Pennsylvania farmers get $13 million in water and soil improvement tax credits
Pennsylvania farmers could receive up to $13 million in tax credits to improve soil and water quality, Agriculture Secretary Russell Redding announced Friday.
The credits will be funded by the state’s conservation funding program, Resource Enhancement and Protection (REAP). They can be combined with other government funding, including the Environmental Quality Incentive Program, Chesapeake Bay Program, or Conservation Excellence Grants.
“Farmers have led the way, investing heavily in cleaner water and productive soil to sustain us into the future,” Redding said. “REAP tax credits are just one of the many ways Pennsylvania is investing in our farmers’ efforts to develop a sustainable agricultural economy to feed our future.”

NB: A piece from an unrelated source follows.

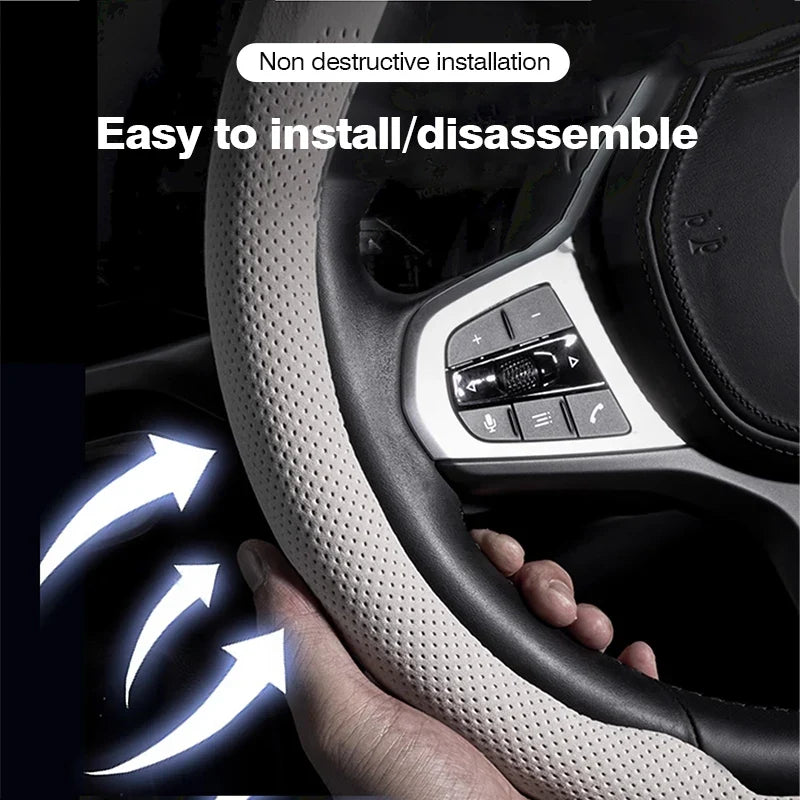 Porsche Nappa Leather Steering Wheel Cover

The Department of Agriculture is accepting applications for tax credits from agricultural producers who implement best practices or purchase equipment that would reduce nutrient or sediment runoff, which would improve the soil and improve the quality of the water.
Redding’s office said this is the fourth year the program has received increased funding and expanded program eligibility under the PA Farm Bill.

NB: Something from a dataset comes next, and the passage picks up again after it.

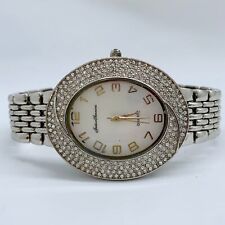 Justine Simmons Silver MOP dial women watch new battery, used for sale  Shipping to South Africa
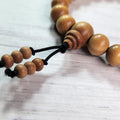 Genuine Premium White Sandalwood Mala & Bracelet Collection - Serenity & Style in Harmony! - Canaduo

Farmers can get up to $250,000 over seven years. Spouses filing jointly can also use REAP tax credits. Tax credits cover between 50 and 75 percent of a project’s eligible out-of-pocket costs, but farmers whose farm is in a watershed with an EPA-mandated total maximum daily load (TMDL) are eligible for REAP tax credits up to 90%. percent of reimbursable expenses.
Funded projects can include no-till and precision farming equipment, waste storage facilities, conservation plans and nutrient management plans. Measures that limit runoff from high animal traffic areas such as backyards are also common practices eligible for REAP.